*WHAT TO PRODUCE*
The lines to copy run from the one containing "Coming to my" to the end of the listing. Please write them out exactly, minus the pictures.

____________

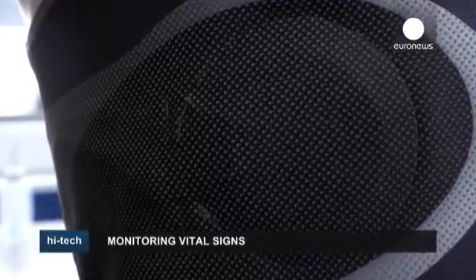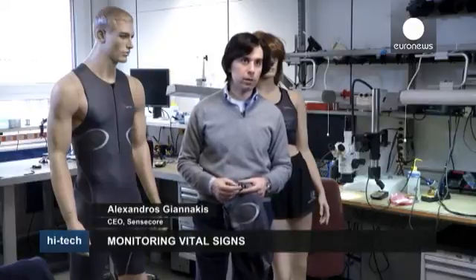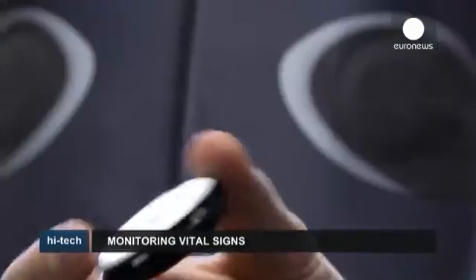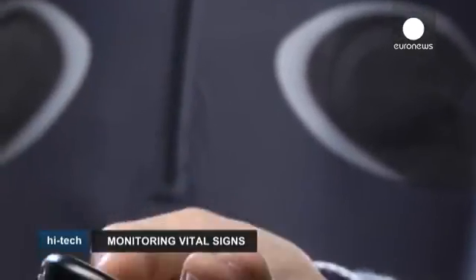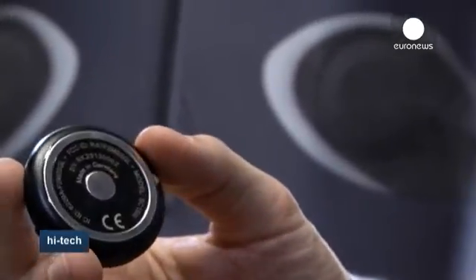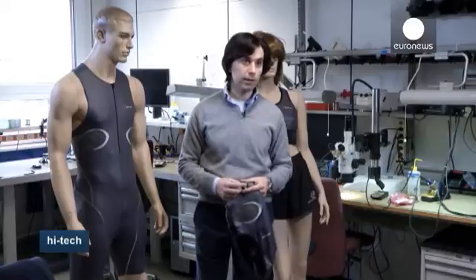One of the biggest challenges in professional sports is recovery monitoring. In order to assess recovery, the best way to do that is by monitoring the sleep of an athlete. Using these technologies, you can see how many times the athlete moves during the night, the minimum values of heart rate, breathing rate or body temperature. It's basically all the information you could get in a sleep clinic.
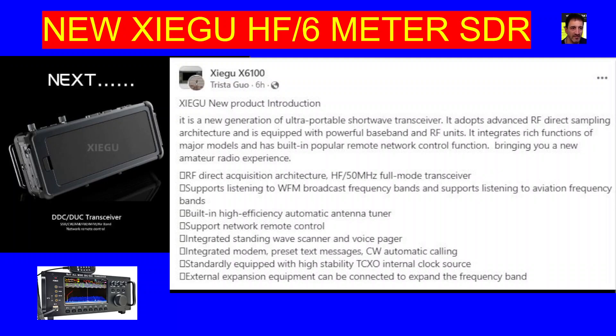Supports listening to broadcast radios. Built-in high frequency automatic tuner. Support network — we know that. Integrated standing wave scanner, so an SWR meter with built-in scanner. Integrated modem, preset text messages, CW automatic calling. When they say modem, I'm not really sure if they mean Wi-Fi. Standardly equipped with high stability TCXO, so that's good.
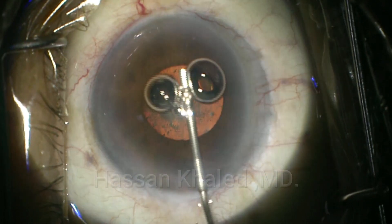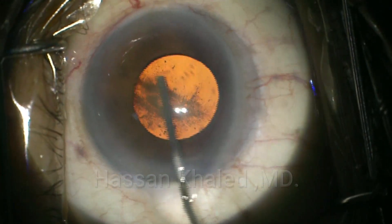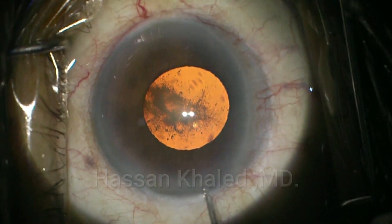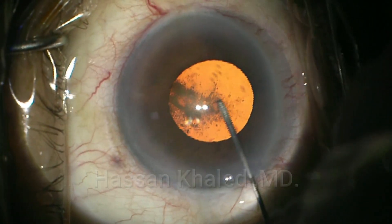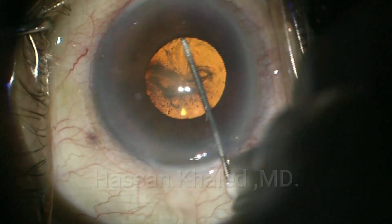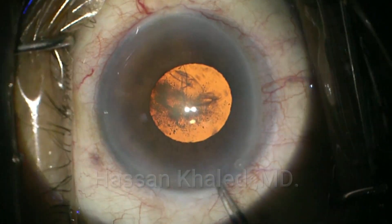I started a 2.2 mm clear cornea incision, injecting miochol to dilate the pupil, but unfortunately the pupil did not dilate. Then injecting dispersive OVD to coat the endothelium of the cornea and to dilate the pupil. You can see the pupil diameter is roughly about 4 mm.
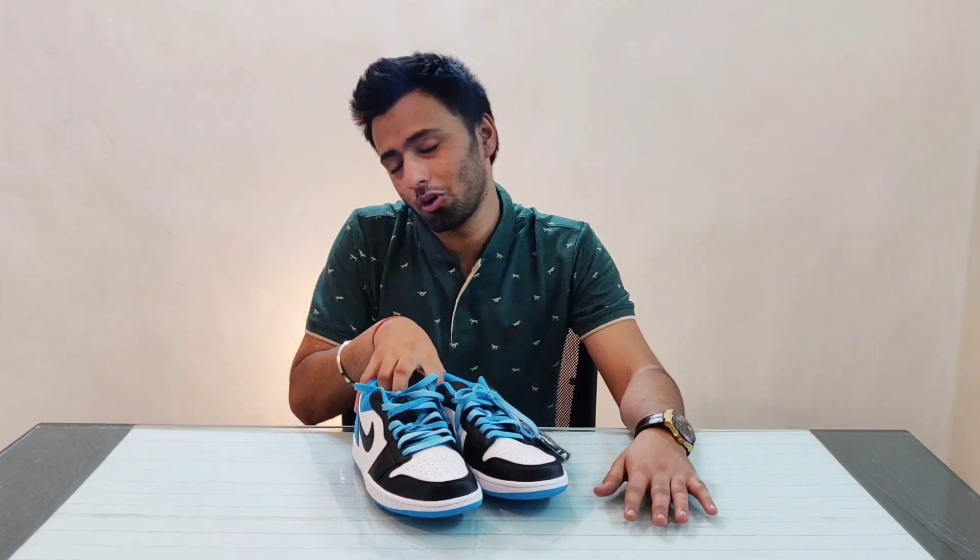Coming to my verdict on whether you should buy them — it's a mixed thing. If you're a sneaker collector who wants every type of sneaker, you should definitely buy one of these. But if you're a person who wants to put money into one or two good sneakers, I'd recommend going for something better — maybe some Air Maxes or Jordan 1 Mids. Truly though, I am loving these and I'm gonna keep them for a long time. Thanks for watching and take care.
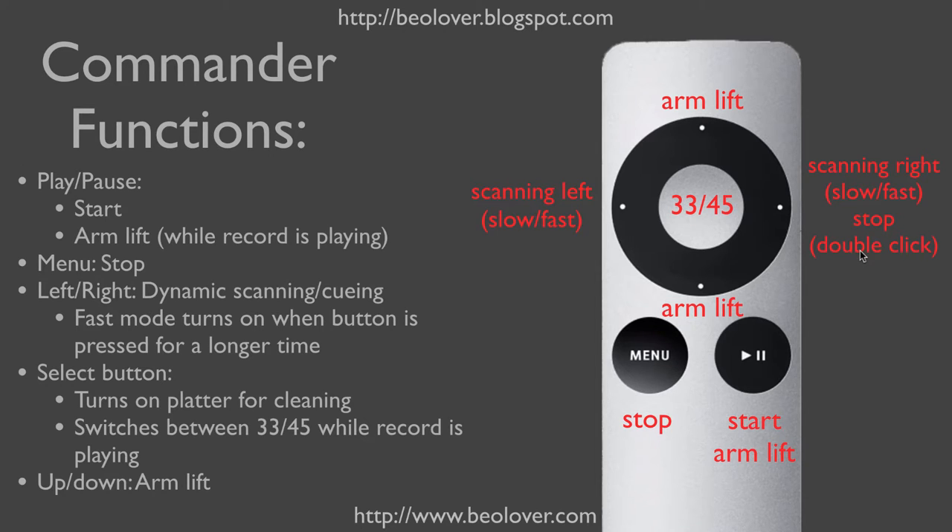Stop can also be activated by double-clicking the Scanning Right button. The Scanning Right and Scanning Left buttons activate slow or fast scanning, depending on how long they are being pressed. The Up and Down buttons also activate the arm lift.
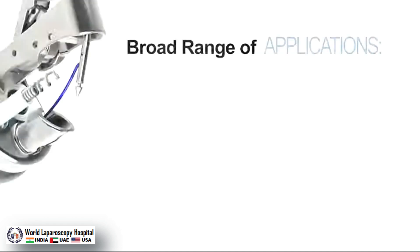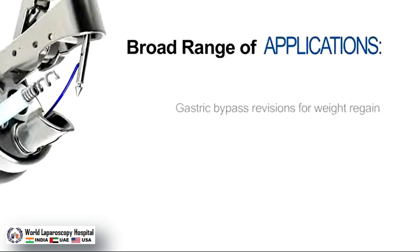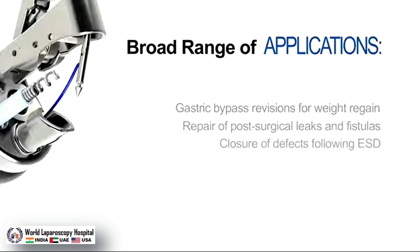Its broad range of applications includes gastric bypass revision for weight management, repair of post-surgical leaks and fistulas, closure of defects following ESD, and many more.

____________

*REPLY*
Coming to my verdict on whether you should buy them — it's a mixed thing. If you're a sneaker collector who wants every type of sneaker, you should definitely buy one of these. But if you're a person who wants to put money into one or two good sneakers, I'd recommend going for something better — maybe some Air Maxes or Jordan 1 Mids. Truly though, I am loving these and I'm gonna keep them for a long time. Thanks for watching and take care.
Stop can also be activated by double-clicking the Scanning Right button. The Scanning Right and Scanning Left buttons activate slow or fast scanning, depending on how long they are being pressed. The Up and Down buttons also activate the arm lift.
Its broad range of applications includes gastric bypass revision for weight management, repair of post-surgical leaks and fistulas, closure of defects following ESD, and many more.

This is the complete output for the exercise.